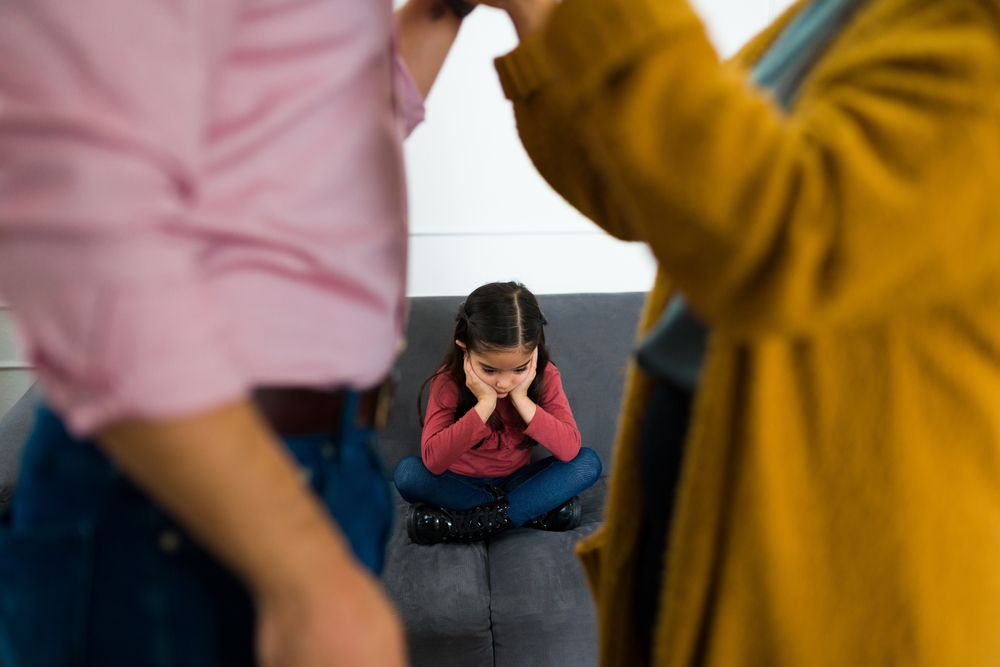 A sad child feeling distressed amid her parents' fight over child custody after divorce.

^^^^^^^^^^^^^^^^

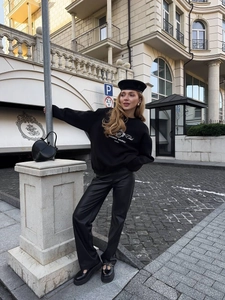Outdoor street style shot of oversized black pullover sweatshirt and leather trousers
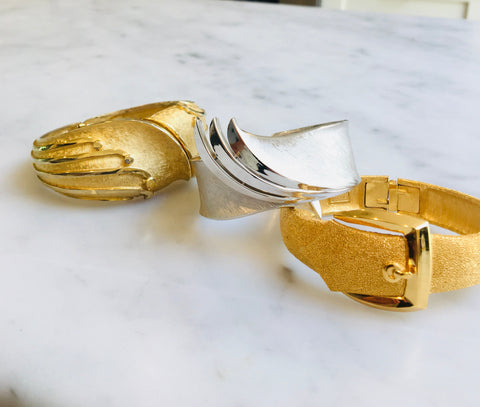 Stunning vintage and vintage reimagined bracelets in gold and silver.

^^^^^^^^^^^^^^^^

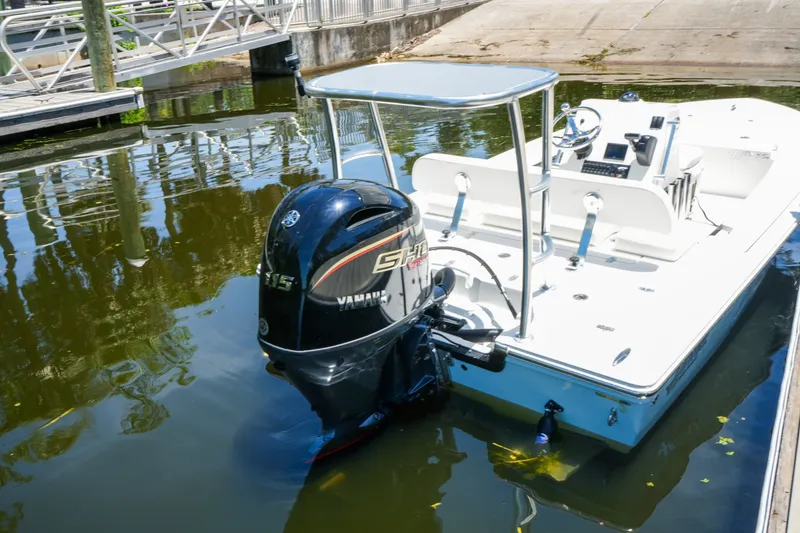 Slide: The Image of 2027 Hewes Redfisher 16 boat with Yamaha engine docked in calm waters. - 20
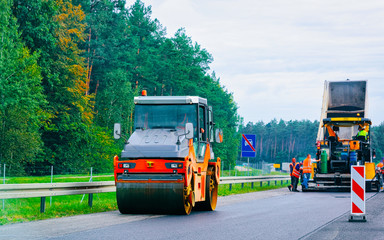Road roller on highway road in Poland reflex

^^^^^^^^^^^^^^^^

* What the task requires
In the data above, start at the line holding "Outdoor street style" and stop after the line holding "Stunning vintage and"; write out those lines exactly, without pictures.

* Reply
Outdoor street style shot of oversized black pullover sweatshirt and leather trousers
 Stunning vintage and vintage reimagined bracelets in gold and silver.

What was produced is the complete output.